The Catholic Church’s Second Vatican Council provides a salutary example of a tiny ‘elite’ foisting ‘anti-elitist’ practices on the ‘non-elite’ — and coming a cropper. Vatican II’s dates are important. The Council was convened in 1962 and concluded in December 1965. These were the high years of the most uncompromising architectural modernism and, just as pertinently, of the craze for theatre-in-the-round, whose champions considered the proscenium arch to be an authoritarian (very possibly ‘fascist’) instrument inimical to ‘participation’.
Rome’s neophilia left much of the clerisy bewildered. It was admitting temporal fashions to a spiritual domain. Maynooth’s head was spinning. The Council’s bias was towards the Liturgical Movement’s long-hatched plans for modernisation. Hence ecumenicism, the vernacular and often prosey mass, herding the flock close to the host in an act of naif literalism and turning the matey, guitar-strumming priest to face that congregation.
Then there was the matter of iconoclasm, which proved to be a further form of self-harm. Extant churches were ‘cleansed’, stripped of altars, stained glass, paintings and dubious bondieuserie.
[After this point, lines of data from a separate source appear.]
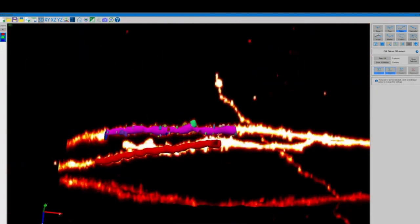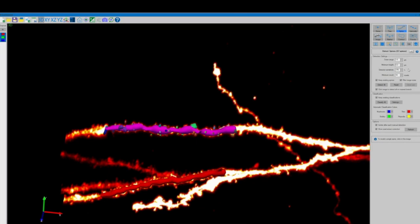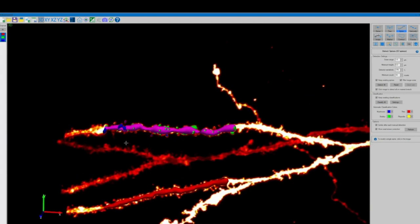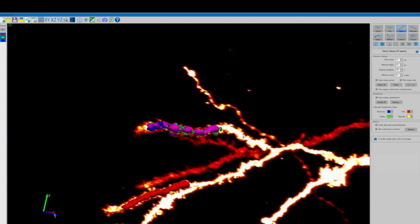Once we're satisfied with the visual checks of our spines we can click the classify all button to automatically classify all the spines into mushroom, phillipodia, thin, and stubby subtypes.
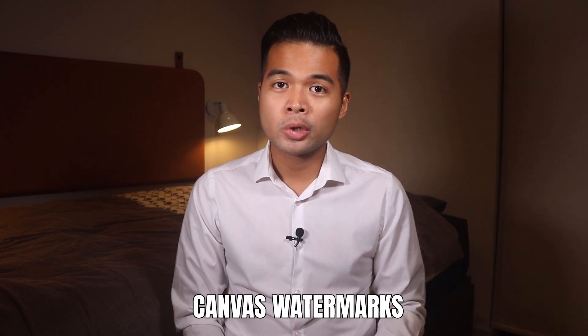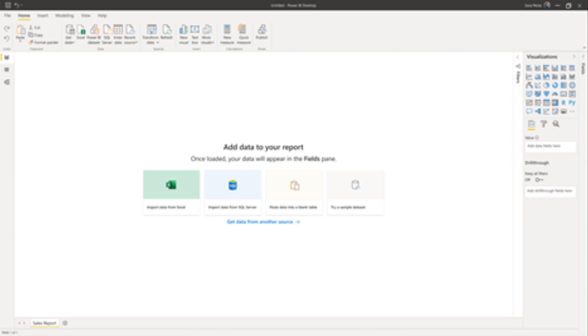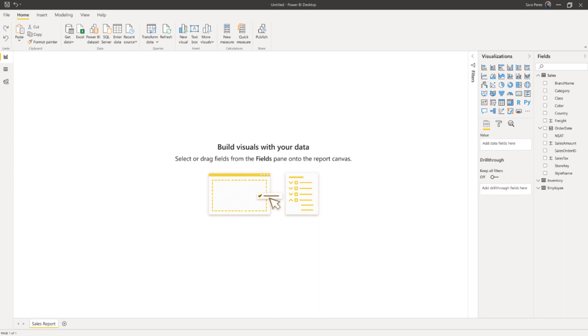Microsoft added something they call canvas watermarks, which are basically on-screen prompts that guide users on the typical workflow of Power BI development. So essentially when you open Power BI Desktop for the first time, instead of getting a blank report, you have some on-screen prompts on where you can get started by getting data from different places — such as an Excel file or a SQL database. Once you have some data loaded, you'll get on-screen prompts showing you that you can drag fields into the report view to start visualizing them into reports.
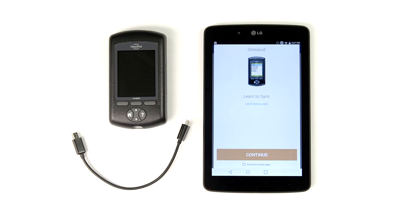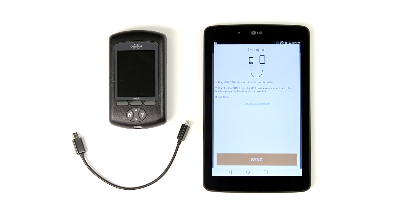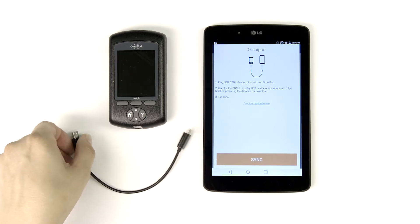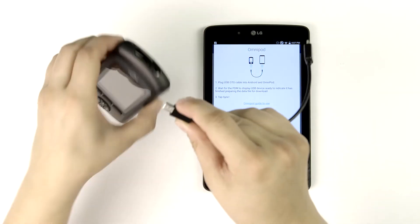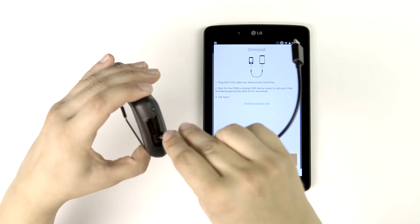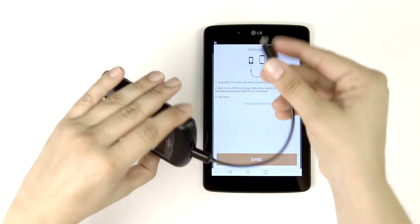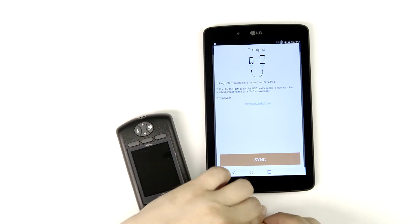Tap continue to see steps on how to set up your Omnipod for data transfer. Now insert the mini USB end of the cable into the PDM, and the micro end of the cable into your tablet.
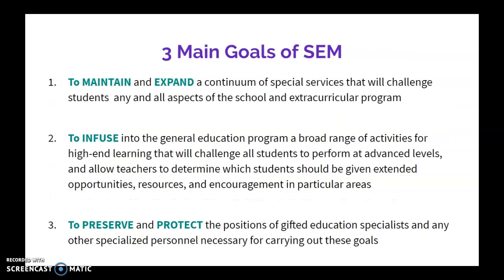There are three main goals of SEM. The first is to maintain and expand a continuum of special services that challenge any student in any aspects of both school and extracurricular programs. The second is to infuse into the general education program a broad range of activities for high-end learning that will challenge all students to perform at advanced levels and allow teachers to determine which students should be given extended opportunities, resources, and encouragement in particular areas. The third is to preserve and protect the positions of gifted education specialists and any other specialized personnel necessary for carrying out these goals. These three major goals combined are designed to challenge and meet the needs of high potential, high ability, and gifted students, and at the same time provide challenging learning experiences for all students.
The result was occasionally akin to the marvellously frigid post-Reformation ecclesiastical interiors of Pieter Saenredam. More often, it was doctrinally sanctioned vandalism, with added carpets.
Vatican II, in its eagerness to embrace the spiritual analogues of Harold Wilson’s white heat, dispensed with what Clement Attlee had dismissed as religion’s ‘mumbo jumbo’: but this was the very stuff that appealed to the gullible, which constituted the Church’s USP: dodgy theatricality, pious ritual, high formality, po-faced earnestness, tonic joylessness, subjugation by the invocation of a mighty force. The essence of the sacred, the unknown and the unseen, was, apparently, to be found in these properties that defined the entire apparatus of mystery.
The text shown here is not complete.